Newly released body camera footage shows 13-year-old Adam Toledo in the final moments of his life, running from police down a Chicago alleyway at 2:38 a.m.
An officer, sprinting after him, can be heard on his body camera video yelling, “Stop, right f***ing now.” As Toledo stops and turns to the officer with his hands raised, the officer opens fire. Police said a gun was found a few feet away from the teen. An attorney for Toledo’s family said he wasn’t holding a gun when he was shot, but an attorney for the officer says Toledo was armed.

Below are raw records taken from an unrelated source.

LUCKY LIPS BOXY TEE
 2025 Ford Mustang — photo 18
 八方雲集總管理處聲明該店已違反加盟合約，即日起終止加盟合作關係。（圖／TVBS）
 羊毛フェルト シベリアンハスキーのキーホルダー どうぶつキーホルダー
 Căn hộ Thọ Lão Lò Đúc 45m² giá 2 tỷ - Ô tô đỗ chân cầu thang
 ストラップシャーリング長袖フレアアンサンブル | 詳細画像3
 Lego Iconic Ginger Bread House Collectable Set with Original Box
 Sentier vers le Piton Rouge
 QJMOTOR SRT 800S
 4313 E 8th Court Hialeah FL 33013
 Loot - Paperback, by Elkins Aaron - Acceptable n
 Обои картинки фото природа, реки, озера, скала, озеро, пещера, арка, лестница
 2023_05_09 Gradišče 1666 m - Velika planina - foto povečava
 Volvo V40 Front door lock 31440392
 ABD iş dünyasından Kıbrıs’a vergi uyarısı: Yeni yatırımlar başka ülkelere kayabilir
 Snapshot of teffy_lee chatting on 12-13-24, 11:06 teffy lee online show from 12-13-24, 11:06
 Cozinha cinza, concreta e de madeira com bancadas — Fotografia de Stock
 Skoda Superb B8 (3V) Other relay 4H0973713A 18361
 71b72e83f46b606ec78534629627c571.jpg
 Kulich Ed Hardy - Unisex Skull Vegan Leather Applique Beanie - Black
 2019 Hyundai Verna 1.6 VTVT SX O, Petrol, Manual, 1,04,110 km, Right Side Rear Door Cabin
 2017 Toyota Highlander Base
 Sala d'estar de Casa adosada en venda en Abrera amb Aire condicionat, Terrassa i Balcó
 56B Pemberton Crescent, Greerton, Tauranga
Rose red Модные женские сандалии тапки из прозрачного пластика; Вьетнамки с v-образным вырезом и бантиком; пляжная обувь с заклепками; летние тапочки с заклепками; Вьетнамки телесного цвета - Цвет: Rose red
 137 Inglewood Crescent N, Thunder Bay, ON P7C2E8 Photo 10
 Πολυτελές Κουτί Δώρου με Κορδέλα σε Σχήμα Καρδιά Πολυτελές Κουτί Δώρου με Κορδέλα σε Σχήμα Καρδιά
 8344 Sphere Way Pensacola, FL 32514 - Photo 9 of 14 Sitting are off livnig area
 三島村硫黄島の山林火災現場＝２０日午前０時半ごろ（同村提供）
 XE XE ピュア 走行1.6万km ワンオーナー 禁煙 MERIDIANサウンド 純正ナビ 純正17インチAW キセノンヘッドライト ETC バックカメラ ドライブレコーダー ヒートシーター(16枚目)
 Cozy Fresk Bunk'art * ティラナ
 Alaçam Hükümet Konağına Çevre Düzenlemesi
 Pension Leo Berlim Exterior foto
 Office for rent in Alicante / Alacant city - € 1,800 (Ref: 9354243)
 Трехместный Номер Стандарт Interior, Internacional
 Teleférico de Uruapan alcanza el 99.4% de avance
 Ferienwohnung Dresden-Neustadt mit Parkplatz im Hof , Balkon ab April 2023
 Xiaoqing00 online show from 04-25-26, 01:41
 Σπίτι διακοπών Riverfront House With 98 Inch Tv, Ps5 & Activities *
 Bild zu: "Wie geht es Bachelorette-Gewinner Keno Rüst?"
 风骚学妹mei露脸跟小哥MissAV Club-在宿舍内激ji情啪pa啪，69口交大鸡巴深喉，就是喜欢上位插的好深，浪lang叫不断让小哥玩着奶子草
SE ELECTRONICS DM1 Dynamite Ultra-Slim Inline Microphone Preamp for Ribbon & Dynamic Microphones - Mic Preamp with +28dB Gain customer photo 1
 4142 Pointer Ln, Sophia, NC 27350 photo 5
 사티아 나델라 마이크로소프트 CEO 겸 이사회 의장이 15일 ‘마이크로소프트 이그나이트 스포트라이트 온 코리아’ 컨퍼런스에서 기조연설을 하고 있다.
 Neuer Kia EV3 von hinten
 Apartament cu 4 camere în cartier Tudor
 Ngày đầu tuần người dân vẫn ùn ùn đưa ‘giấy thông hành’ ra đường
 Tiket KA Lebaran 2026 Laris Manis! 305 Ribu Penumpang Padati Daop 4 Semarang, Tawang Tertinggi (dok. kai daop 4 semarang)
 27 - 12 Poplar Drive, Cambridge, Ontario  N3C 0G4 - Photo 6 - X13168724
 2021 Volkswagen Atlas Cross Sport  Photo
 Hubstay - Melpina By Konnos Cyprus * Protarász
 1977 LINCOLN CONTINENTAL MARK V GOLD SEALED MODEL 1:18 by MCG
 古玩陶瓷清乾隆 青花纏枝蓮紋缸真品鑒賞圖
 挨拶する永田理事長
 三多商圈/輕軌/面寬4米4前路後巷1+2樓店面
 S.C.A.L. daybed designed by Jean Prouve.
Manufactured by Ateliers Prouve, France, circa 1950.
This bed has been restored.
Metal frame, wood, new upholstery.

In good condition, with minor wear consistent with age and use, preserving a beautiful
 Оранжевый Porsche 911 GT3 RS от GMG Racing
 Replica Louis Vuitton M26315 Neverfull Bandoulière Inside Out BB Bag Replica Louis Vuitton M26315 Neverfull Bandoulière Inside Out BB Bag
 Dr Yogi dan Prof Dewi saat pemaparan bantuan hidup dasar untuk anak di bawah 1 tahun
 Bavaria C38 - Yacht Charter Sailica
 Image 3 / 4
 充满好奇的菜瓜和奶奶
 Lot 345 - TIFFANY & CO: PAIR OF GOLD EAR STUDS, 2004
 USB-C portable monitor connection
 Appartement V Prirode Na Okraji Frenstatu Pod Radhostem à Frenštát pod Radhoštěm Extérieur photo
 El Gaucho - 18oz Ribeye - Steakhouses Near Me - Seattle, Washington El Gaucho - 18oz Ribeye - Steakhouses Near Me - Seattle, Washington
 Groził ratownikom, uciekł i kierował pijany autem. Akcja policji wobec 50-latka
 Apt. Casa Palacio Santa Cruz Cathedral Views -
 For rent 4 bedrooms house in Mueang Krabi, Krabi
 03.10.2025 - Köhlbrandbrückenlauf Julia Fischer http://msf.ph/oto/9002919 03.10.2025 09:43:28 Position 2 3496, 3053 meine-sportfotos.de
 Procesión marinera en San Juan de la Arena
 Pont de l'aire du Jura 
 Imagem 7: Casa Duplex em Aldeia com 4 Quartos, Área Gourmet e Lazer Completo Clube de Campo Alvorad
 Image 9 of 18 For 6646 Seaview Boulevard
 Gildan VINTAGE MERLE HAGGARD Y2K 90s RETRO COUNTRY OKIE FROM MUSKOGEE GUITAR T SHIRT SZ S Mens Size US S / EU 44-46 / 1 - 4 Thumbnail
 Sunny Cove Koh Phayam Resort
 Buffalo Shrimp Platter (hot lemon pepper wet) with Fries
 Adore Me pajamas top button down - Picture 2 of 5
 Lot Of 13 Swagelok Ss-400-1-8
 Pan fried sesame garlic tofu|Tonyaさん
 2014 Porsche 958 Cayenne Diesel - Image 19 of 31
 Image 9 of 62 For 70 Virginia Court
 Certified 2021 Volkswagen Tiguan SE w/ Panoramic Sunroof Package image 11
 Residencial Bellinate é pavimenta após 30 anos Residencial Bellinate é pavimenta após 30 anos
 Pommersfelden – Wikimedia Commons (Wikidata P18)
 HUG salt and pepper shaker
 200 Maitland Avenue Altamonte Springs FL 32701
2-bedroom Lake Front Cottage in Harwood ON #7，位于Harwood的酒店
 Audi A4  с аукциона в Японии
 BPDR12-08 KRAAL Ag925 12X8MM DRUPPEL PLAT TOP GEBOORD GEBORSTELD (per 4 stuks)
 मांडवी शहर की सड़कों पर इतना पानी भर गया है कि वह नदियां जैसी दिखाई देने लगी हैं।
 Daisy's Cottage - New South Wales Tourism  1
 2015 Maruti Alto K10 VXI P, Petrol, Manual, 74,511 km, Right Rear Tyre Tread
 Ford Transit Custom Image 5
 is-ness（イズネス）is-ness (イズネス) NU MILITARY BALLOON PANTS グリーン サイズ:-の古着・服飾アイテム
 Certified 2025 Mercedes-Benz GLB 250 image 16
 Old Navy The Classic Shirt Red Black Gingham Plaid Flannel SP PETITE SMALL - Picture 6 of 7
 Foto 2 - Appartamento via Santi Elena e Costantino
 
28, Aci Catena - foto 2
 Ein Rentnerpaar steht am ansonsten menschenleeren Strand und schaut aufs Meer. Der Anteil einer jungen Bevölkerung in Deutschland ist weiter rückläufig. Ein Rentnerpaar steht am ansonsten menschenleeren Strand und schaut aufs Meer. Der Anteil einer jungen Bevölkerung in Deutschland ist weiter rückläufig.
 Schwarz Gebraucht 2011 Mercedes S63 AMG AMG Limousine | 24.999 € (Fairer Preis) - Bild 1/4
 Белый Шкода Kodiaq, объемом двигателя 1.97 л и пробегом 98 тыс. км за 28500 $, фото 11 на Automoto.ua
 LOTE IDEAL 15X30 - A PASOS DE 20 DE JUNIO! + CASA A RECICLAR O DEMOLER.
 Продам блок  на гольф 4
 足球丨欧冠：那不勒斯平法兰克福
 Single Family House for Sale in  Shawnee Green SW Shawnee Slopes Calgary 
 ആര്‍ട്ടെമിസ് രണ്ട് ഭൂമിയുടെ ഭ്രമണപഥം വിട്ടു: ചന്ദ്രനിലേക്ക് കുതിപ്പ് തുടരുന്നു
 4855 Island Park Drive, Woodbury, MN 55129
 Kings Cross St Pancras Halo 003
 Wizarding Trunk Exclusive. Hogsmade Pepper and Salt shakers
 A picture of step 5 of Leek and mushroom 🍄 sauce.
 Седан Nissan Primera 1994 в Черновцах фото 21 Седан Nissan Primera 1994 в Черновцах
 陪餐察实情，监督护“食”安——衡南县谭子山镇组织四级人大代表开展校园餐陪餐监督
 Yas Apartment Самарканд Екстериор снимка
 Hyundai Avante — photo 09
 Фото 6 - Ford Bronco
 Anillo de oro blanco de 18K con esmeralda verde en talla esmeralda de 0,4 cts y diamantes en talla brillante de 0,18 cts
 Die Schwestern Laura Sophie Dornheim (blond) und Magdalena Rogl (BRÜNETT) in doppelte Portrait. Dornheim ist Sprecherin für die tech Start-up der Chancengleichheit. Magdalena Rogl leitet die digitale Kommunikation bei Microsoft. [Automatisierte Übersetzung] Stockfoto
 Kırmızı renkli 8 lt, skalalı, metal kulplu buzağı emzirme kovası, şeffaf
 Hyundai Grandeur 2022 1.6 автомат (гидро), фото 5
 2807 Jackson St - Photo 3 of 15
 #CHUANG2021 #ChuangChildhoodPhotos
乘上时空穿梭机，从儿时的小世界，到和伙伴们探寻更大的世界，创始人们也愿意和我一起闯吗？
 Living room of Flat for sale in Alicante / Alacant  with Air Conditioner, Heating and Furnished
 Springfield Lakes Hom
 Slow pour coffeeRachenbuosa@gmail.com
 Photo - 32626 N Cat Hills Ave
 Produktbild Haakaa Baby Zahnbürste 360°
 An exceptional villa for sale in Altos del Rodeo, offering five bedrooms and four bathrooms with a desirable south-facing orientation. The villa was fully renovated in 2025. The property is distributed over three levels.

Toledo’s shooting — which occurred after a police foot chase, a practice the Department of Justice says can be dangerous and lead to compromised judgment — places new scrutiny on the department’s history of using force after chasing suspects.
Chicago Mayor Lori Lightfoot has called for a review of the city’s foot pursuit practices, a request that advocates and oversight groups have recommended for years.
Sarah Yousuf, associate director of city and county policy for the Community Renewal Society, said, “Words don’t really describe how horrific it is that now, a 13-year-old has lost his life, despite the fact that organizations such as ours… have been advocating and fighting for just a policy like a foot pursuit policy which CPD has resisted.”
Frank Chapman, the executive secretary of the National Alliance Against Racist and Political Repression, said, “I think that Lightfoot is late.” He advocates for greater accountability and civilian oversight of policing and noted that Toledo’s death draws parallels with prior Chicago police killings of Black and brown teenagers who were running from police.
Dakota Bright, a 15-year-old freshman at Robeson High School, was killed while running from police in 2012. An autopsy found that a police officer shot him in the back of the head.
The city’s Independent Police Review Authority determined the shooting was “unprovoked and unwarranted” and recommended the officer be fired. The Chicago Police Board, however, cleared the officer of wrongdoing and approved him to return to work.
The Chicago Sun-Times reported that after that decision was issued, Bright’s mother, Panzy Edwards said she broke down crying. She told the publication her first thought was, “My baby died in vain.”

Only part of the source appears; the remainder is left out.